BFA students head back to the 1940s

Students from the BFA Semester 4 batch recently concluded an advanced course in Art Direction that culminated in a short film. Ritika Saxena spoke to the students at the helm of the project.


Vaishvi Mistry

Screenwriter and Director

How did you juggle these two roles?

After our Art Direction workshop we were assigned the task of making a short period film. We were given the essential element that we needed to build a story on: the film should be set in 1940 Lucknow with three main characters, a British sepoy, a freedom fighter and his sister who is in her mid-20s.

As a screenwriter, while scripting the film, there was a lot of research involved with regards to the set-up, events that occurred at the time, if the girl’s family was well-to-do or poor, etc.

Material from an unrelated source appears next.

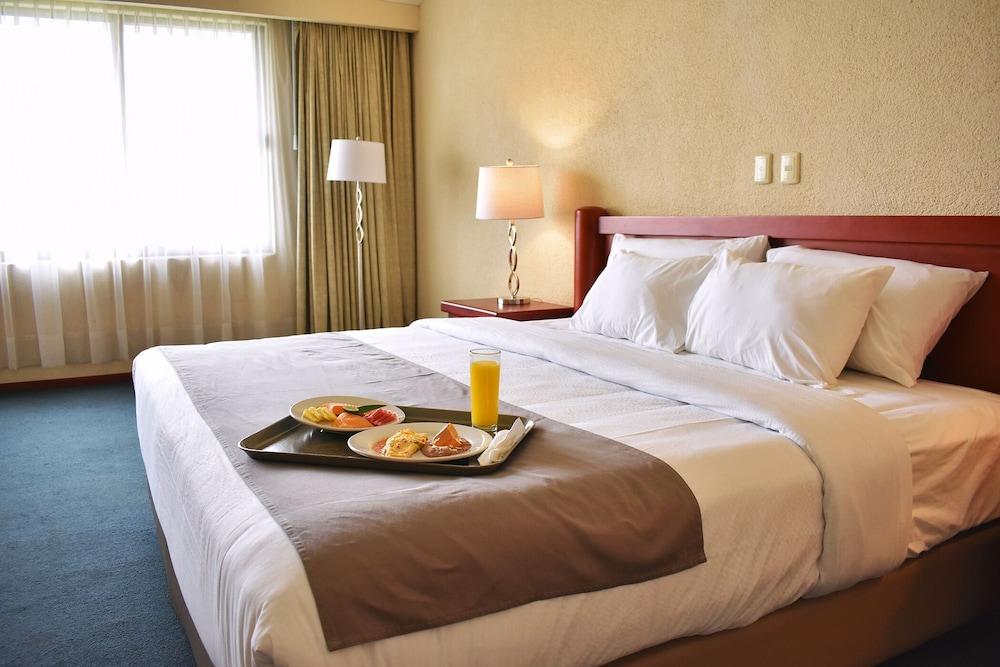 La Posada Hotel Y Suites San Luis Potosí Kültér fotó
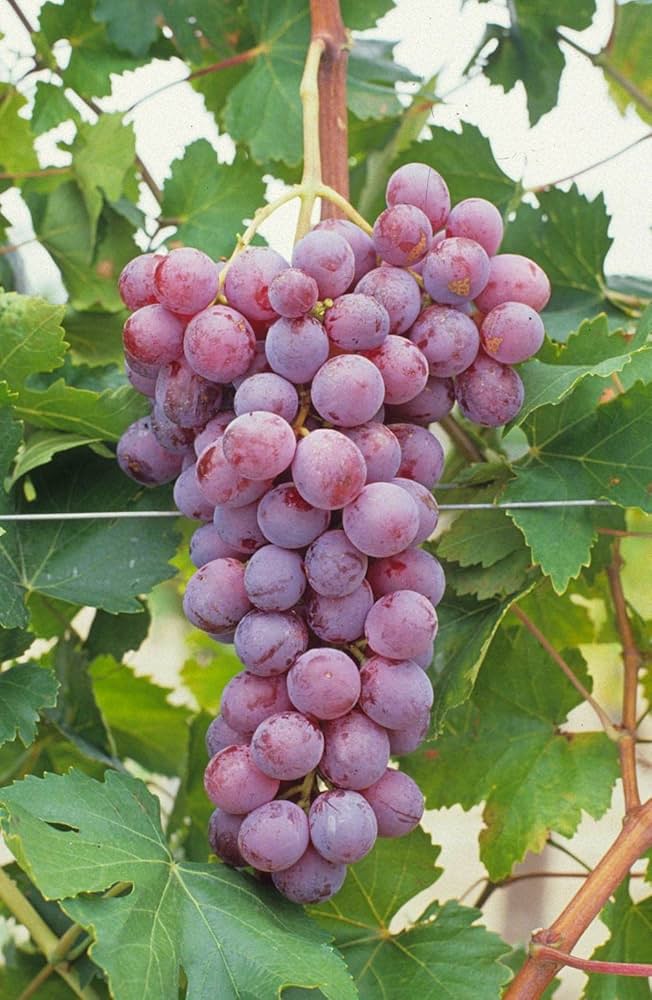 Rote Trauben Frucht Samen für einfaches Anpflanzen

Direction, on the other hand, involved watching the frames and all the technical aspects of filmmaking, as we had to make sure nothing from our era snuck into the film. Also, every action by an actor, whether looking up or looking down, had something to do with the story. When you are a director, all the fundamentals need to be kept in mind.

You mentioned you had a lot of research to do.

The whole team working on the film had to do a lot of research. As this was an Art Direction workshop and had a period attached to it, research was essential. The study helped us understand small aspects like costumes, props, and frame set-ups etc.

What did you learn from the film?

To be honest, I was very scared when we started working on the project as this was a period drama and we had to recreate it exactly how it was back then. Our research saved the day. So I learned that the stronger the research the better the film.

How was your experience working on the film?

It was very enjoyable. It was better than what I thought as that era had a lot of melodrama and while scripting, I was worried it would look funny. But I think we fared well and will know more only at the edit table!


Aviral Mathur


Is the role of producer stressful?

My role involved coordinating between the cast and crew and also budgeting. I created a budget for the film from scratch. I was also handling the logistics, scouting of sets, and exploring props as they had to suit the theme of the period drama that our film pivoted on.

How did you prepare for your role?

We visited the interiors in the Old city to understand the culture and evaluate the props that we needed to use. Apart from that, we had to get make-up artists in place, the props, etc. I also worked closely with the faculty as budgeting was essential.

What did you learn from the process?

The biggest thing I learned was “things do not happen on their own”, and one must always be well prepared. Nothing happens spontaneously and magically.

Did you enjoy working on the film?

It was tremendously hectic, yet enjoyable. We were running helter-skelter. But, I am looking at this project as an opportunity and an opening into the film industry. I thoroughly enjoyed working on the film and it’s an experience I will cherish.

Pradeep (sound)

Pradeep Ning

Sound Designer

What role did you play in the film?

As the Sound Designer of the film, my role included recording while shooting and post-production edit. We had to be very certain of the ambient elements, as it was set in the 1940s. The honking of vehicles or any small sound can ruin the whole shoot. We had to ensure that every small sound that we picked up was from that era.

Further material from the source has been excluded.